The Parallel Postulate was considered undesirably unwieldy and less satisfactory than the other four postulates, even by Euclid himself, who made a point of proving the first 28 results of the Elements without recourse to the Parallel Postulate. The general opinion among mathematicians for the next two millennia was that the Parallel Postulate should not be an axiom but rather a theorem; it should be possible to prove it using just the other four postulates.

Many attempts were made to prove the Parallel Postulate, and many claimed success at this task. Errors were then inevitably discovered by later mathematicians, many of whom subsequently put forth false proofs of their own. The aforementioned Proclus, for example, after pointing out flaws in a purported proof of Ptolemy, gives his own proof, which suffers from two instructive flaws. The first is relatively minor: Proclus assumes a consequence of Archimedes’ Axiom, which essentially states that, given any two line segments, there is a natural number n such that n times the length of the shorter line segment will exceed the length of the longer. (We encountered Archimedes’ Axiom in a previous post, about infinitesimals, which the reader is invited to revisit.) Archimedes’ Axiom seems like an entirely reasonable axiom to assume, but it notably does not follow from Euclid’s postulates.
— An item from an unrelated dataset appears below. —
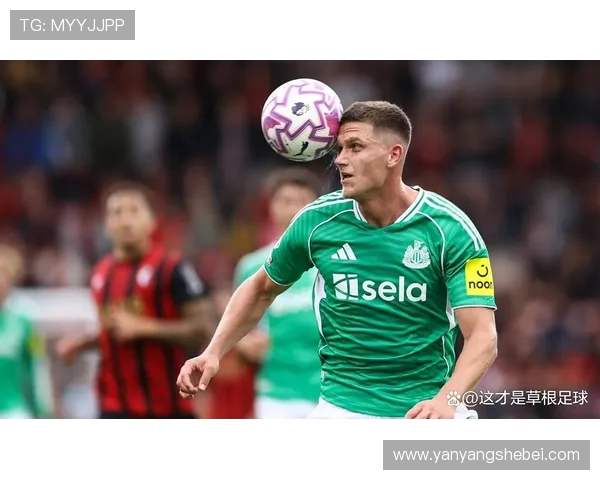 埃迪豪谈西汉姆联比赛伤情：维萨无法参赛恢复时间未定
Proclus’ more serious error, though, is that he makes the assumption that any two parallel lines have a constant distance between them. But this does not follow from the first four postulates. In fact, the statement, “The set of points equidistant from a straight line on one side of it form a straight line,” known as Clavius’ Axiom, is, in the presence of Archimedes’ Axiom and the first four postulates, equivalent to the Parallel Postulate. Proclus’ proof is therefore just a sophisticated instance of begging the question.
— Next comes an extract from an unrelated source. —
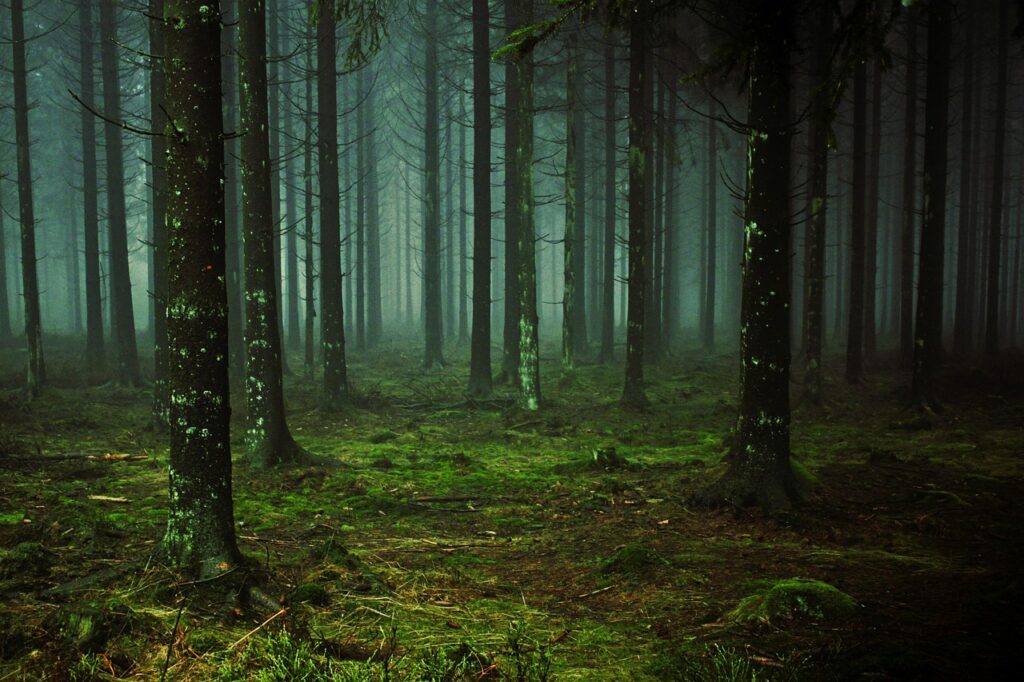 forest, trees, fog-1258845.jpg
In the course of the coming centuries’ attempts to prove the Parallel Postulate, a number of other axioms were unearthed that are, at least in the presence of Archimedes’ Axiom and the first four postulates, equivalent to the Parallel Postulate. In addition to Playfair’s Axiom and Clavius’ Axiom, these include the following:

  • (Clairaut) Rectangles exist. (A rectangle, of course, being a quadrilateral with four right angles.)
  • (Legendre) Given an angle \alpha and a point P in the interior of the angle, there is a line through P that meets both sides of the angle.
  • (Wallis) Given any triangle, there are similar triangles of arbitrarily large size.
  • (Farkas Bolyai) Given any three points, not all lying on the same line, there is a circle passing through all three points.

A key line of investigation into the Parallel Postulate was carried out, probably independently, by Omar Khayyam, an 11th-century Persian mathematician, astronomer, and poet, and by Giovanni Gerolamo Saccheri, an 18th-century Italian Jesuit priest and mathematician. For concreteness, let us consider Saccheri’s account, which has the wonderful title, “Euclid Freed from Every Flaw.”
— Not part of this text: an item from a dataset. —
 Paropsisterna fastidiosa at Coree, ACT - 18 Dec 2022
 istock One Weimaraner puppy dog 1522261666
Saccheri and Khayyam were, similarly to their predecessors, attempting to prove the Parallel Postulate. Their method of proof was contradiction: assume that the Parallel Postulate is false and derive a false statement from it. To do this, they considered figures that came to be known as Khayyam-Saccheri quadrilaterals.

To form a Khayyam-Saccheri quadrilateral, take a line segment (say, BC). Take two line segments of equal length and form perpendiculars, in the same direction, at B and C (forming, say, AB and DC). Now connect the ends of those two line segments with a line segment (AD) to form a quadrilateral. A picture is given below.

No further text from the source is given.